The widespread use of microarrays in biological research over the past few years has generated a flood of data characterizing gene expression across many tissues in different species [28]. Determining tissue- or condition-specific expression from these datasets is an important aspect of genomic analysis. Indeed, genes with a particularly high expression level in few conditions are likely to be involved in cell-specific functions; therefore, such genes could represent good candidates for tissue markers or drug targets. However, this detection is difficult to perform using traditional statistical techniques and few other methods were available.

Here we present SpeCond, a new statistical method to detect condition-specific expression from microarray data. We show that SpeCond is able to detect reliable tissue-specific genes and we evaluated its performance against alternative approaches. In all cases, SpeCond displayed higher sensitivity and a lower false discovery rate. Importantly, the SpeCond package is not a black box; the user is encouraged to test different parameter sets to find the best sets returning meaningful results according to relevant biological questions. Indeed, the large set of visualization tools allows the user to examine expression patterns in detail, to verify the fitting of the normal mixture distribution, as well as to easily compare the overall specific gene sets resulting from the use of different sets of parameters. In addition, the selection of inputted conditions can alter the results outputted by SpeCond; therefore, the user might consider applying standard clustering methods to identify the global variability in expression patterns among the different conditions, before manually selecting the most relevant conditions for the analysis.

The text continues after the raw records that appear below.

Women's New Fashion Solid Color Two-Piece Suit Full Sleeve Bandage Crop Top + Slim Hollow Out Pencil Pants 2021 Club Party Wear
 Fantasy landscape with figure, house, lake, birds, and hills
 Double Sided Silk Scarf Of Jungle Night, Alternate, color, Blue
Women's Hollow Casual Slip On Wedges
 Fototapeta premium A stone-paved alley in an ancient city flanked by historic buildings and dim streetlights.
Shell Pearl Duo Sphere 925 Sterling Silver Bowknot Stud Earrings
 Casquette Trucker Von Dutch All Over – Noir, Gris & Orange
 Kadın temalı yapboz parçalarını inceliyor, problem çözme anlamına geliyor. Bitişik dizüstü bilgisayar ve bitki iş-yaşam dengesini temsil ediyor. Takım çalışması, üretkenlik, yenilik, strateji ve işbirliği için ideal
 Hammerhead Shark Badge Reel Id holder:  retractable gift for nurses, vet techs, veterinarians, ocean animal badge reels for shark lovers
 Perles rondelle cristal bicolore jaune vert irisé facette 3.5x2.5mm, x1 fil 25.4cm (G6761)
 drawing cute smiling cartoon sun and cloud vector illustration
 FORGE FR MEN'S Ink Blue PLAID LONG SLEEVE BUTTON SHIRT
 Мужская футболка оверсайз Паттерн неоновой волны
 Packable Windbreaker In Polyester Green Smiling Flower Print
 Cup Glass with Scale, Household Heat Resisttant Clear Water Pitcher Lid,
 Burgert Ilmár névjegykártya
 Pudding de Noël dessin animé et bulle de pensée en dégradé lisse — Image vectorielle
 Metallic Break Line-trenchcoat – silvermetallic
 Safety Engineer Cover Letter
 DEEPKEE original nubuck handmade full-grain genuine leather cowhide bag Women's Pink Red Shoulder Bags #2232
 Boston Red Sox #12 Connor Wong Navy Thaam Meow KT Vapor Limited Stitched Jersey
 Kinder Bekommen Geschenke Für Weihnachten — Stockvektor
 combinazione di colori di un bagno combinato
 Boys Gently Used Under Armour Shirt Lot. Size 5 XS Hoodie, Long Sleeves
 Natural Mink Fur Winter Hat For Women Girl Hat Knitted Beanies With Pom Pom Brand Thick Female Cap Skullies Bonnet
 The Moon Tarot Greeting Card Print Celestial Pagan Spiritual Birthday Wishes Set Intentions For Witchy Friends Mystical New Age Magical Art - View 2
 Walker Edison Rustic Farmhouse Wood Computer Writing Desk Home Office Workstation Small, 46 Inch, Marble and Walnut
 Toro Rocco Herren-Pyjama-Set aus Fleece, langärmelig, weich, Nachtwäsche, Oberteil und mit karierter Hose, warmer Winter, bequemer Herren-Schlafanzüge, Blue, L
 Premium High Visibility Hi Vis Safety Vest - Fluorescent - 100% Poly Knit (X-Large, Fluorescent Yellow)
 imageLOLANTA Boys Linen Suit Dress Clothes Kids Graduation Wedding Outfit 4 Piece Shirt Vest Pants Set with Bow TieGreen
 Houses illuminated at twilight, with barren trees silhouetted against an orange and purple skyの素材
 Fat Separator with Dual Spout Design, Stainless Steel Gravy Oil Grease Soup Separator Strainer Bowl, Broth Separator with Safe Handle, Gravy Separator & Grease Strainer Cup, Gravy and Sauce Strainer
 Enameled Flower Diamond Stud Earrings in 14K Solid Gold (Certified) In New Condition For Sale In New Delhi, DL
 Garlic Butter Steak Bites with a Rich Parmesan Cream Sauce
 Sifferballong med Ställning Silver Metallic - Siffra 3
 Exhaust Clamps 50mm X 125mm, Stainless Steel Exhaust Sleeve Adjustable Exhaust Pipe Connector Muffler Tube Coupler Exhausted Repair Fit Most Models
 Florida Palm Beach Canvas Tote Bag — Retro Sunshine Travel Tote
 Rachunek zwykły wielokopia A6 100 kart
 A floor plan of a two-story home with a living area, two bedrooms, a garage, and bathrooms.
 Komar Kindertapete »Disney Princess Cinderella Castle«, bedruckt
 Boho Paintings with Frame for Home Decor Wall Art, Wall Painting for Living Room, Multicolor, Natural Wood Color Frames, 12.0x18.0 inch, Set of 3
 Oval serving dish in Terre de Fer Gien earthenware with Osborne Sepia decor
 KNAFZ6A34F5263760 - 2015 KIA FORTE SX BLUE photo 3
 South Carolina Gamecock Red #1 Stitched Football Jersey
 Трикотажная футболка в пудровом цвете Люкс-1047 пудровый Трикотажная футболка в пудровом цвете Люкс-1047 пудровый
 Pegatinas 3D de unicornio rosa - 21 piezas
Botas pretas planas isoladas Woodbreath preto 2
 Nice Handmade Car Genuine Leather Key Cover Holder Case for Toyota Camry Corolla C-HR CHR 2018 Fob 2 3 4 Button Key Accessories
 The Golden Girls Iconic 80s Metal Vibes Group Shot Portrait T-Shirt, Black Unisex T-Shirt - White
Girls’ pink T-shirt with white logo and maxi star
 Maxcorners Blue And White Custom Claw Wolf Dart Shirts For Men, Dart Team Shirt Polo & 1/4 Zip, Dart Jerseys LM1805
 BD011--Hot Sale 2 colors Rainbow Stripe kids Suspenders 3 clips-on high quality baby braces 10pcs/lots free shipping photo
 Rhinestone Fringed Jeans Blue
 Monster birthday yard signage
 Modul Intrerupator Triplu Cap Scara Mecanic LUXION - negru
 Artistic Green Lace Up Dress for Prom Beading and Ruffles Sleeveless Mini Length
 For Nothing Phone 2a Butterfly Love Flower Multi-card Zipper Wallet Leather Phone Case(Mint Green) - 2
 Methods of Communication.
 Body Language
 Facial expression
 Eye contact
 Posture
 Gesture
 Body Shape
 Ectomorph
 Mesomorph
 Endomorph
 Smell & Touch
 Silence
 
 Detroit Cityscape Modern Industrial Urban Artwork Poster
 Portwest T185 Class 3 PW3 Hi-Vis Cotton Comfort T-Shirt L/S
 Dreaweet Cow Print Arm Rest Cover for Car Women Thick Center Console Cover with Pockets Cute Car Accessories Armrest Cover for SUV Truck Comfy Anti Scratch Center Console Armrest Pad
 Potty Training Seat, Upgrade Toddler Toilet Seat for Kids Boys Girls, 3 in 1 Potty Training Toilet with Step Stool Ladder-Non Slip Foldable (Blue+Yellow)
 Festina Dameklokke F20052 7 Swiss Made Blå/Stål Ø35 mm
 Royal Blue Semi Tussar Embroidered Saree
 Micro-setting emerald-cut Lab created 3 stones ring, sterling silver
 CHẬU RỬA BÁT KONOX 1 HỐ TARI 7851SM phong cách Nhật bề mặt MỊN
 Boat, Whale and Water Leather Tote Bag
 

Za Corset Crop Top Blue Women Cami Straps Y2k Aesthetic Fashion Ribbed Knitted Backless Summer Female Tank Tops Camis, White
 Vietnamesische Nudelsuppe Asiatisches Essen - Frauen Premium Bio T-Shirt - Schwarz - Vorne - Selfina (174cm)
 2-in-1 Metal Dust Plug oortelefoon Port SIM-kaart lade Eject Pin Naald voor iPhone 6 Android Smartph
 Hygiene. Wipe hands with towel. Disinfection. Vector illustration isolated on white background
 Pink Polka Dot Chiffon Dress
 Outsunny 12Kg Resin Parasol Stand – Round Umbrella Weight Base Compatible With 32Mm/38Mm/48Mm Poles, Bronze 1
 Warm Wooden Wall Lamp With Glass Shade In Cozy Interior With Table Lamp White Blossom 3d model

A further advantage of SpeCond is its ability to generate ranked lists of genes based on their tissue-specific expression. The ability to classify genes in regard to their contribution to tissue-specificity should be helpful to experimentalists that wish to identify candidate genes for detailed follow-up studies. In addition, these ranked lists can be used in computational approaches, such as the examination of the organization of tissue-specific transcriptional networks or the putative annotation of unknown gene functions based on their expression pattern.

In the future, it will be very interesting to analyze RNA-seq data with the same purpose. However, the model will need to be modified, since a normal distribution-based model would not be the best to fit sequencing data. A negative binomial distribution as used in the DESeq method [29] is certainly more appropriate, and therefore a mixture of negative binomial distribution model would need to be created.

Conclusions

SpeCond is a new statistical method to detect condition-specific expression from microarray data. SpeCond does not impose a single normal distribution to estimate the underlying distribution but computes an estimate of the null distribution using a normal mixture model. SpeCond is an ideal choice when no previous data about the organization of the system under study are available, as it is not assumed that the measured expression values follow a single normal distribution. Finally, SpeCond is immediately applicable to many datasets measuring gene expression, including the detection of tissue-specific alternative splicing, in any species.